**Exercise:**
Copy nothing but the lines from the one containing "kitten storage bag" through the last line of the records, repeated exactly and without pictures.

**Collected data entries:**
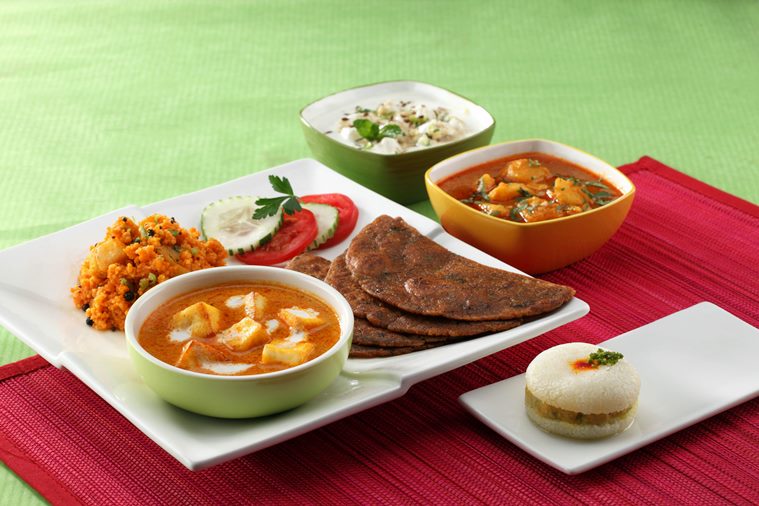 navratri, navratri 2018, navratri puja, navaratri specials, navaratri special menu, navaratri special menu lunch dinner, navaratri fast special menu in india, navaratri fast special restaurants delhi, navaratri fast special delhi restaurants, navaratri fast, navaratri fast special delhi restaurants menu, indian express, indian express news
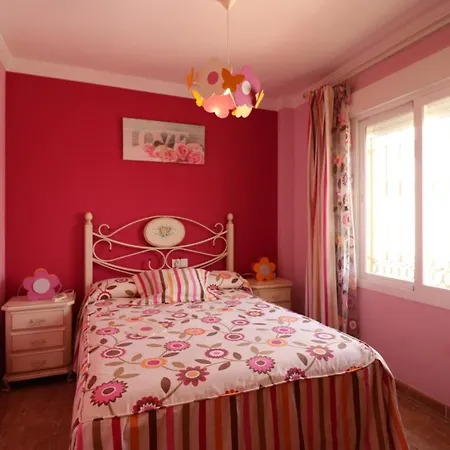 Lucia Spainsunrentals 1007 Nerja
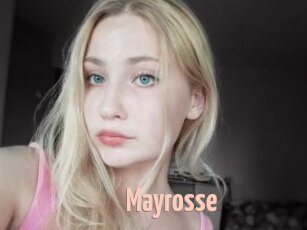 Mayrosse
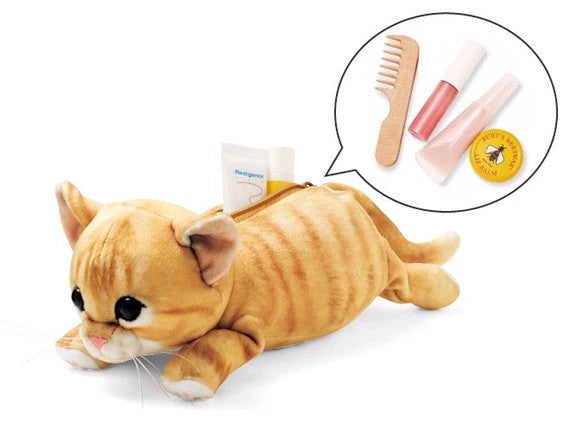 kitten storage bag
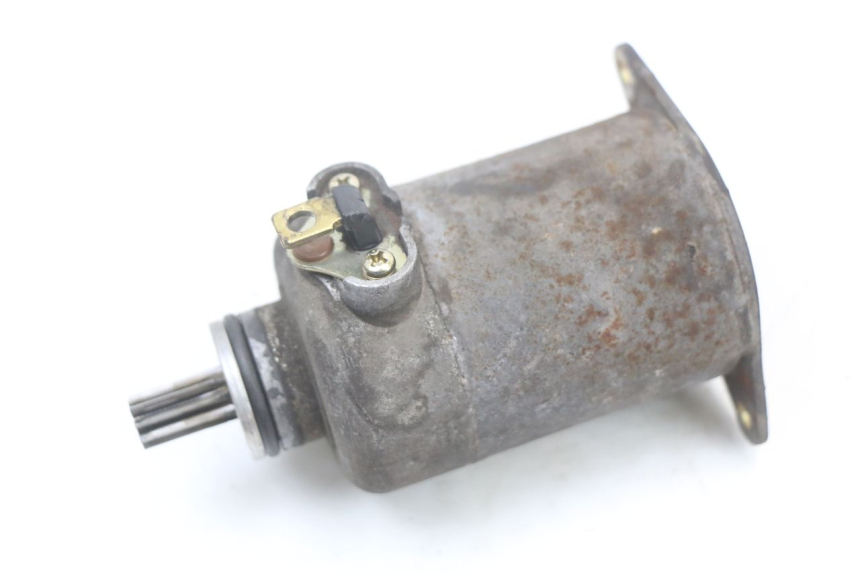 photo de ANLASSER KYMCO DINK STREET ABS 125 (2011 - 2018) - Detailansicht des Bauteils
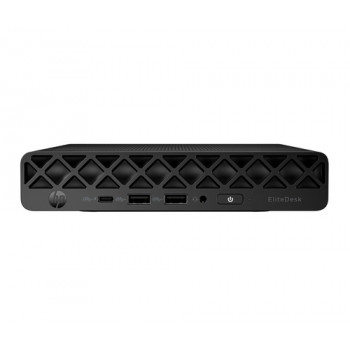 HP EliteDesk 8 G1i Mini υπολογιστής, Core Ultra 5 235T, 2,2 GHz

**Answer to this task:**
 kitten storage bag
 photo de ANLASSER KYMCO DINK STREET ABS 125 (2011 - 2018) - Detailansicht des Bauteils
 HP EliteDesk 8 G1i Mini υπολογιστής, Core Ultra 5 235T, 2,2 GHz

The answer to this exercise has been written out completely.